SECI2143 - 02 PROBABILITY & STATISTICAL DATA ANALYSIS

Reflection on Project 2

After completing my part for the second project of Probability & Statistical Data Analysis course, I was given the chance to sit down and reflect on the process of conducting and presenting this project, along with what I learned during the completion of this project. For this project, my teammates and I were required to conduct an inference statistical analysis based on our chosen dataset. To conduct the analysis, we have chosen two datasets which we have obtained from two different websites, Data World and Science Direct.  

The title of the first dataset chosen is ‘Instagram Most Followed’. This dataset is a secondary data source that we have retrieved from Data World website.
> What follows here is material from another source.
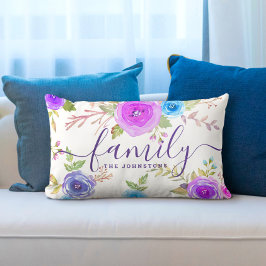 Lila vattenfärgsfamiljskript för monogram blommigt lumbarkudde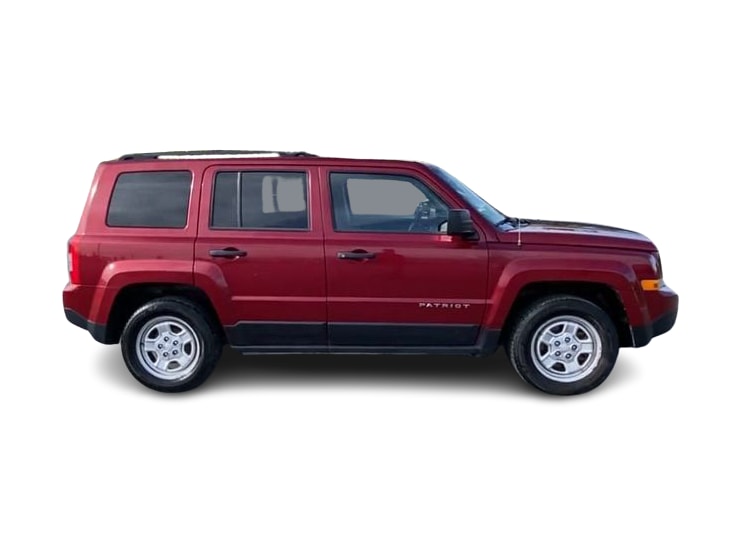 Thumbnail: 2015 Jeep Patriot - 15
It shows the top 100 Instagram users, that includes brands and celebrities. We have obtained information regarding eight different variables which include Rank, Brand, Categories 1, Categories 2, Followers (Millions), Engagement Rates, iPosts on Hashtag, and Media Posted. Before we were able to proceed and continue using this dataset, one of my group members volunteered to ask our lecturer, Dr Nor Azizah Ali, whether this dataset is suitable for our analysis, which she approved. Dr Nor Azizah Ali has been guiding us throughout the completion of this project and she has definitely been a great influence to all of us. After the approval of our lecturer, my teammates and I held several online discussions to discuss on how we will be conducting the analysis, along with task division. Each of us has been assigned one type of data analysis to be conducted. I was responsible to do the regression test. The second dataset chosen is a secondary data source retrieved from the Science Direct website. The title of this dataset is ‘Johor Violent Crimes by Years’ and the main reason why we needed to choose an additional dataset is because the first dataset was not suitable for conducting Chi Square Test of Independence. This dataset shows the type of violent crimes that happened in Johor from the year 2006 to 2017. After successfully conducting the analysis, we have presented our data by producing a short video of us explaining our findings.

During the completion of this project, I have initially encountered several misunderstandings of how I should be conducting the analysis, but with the guidance of my lecturer and fellow friends, I have gained more clarity and understanding. My teammates and I would frequently ask each other questions regarding this project so that we stay on the right track. We helped each other every time any of us encountered problems. One important trait that I learned while conducting the analysis is definitely problem-solving skills. I had the opportunity to learn how to use the R programming software to complete this project. R programming software is an effective tool that everyone can use for data analysis.

To conclude my reflection, I can happily say that this project has helped me improved and enhanced my problem-solving skills. The most important part is I got to improve my ability to code in R programming.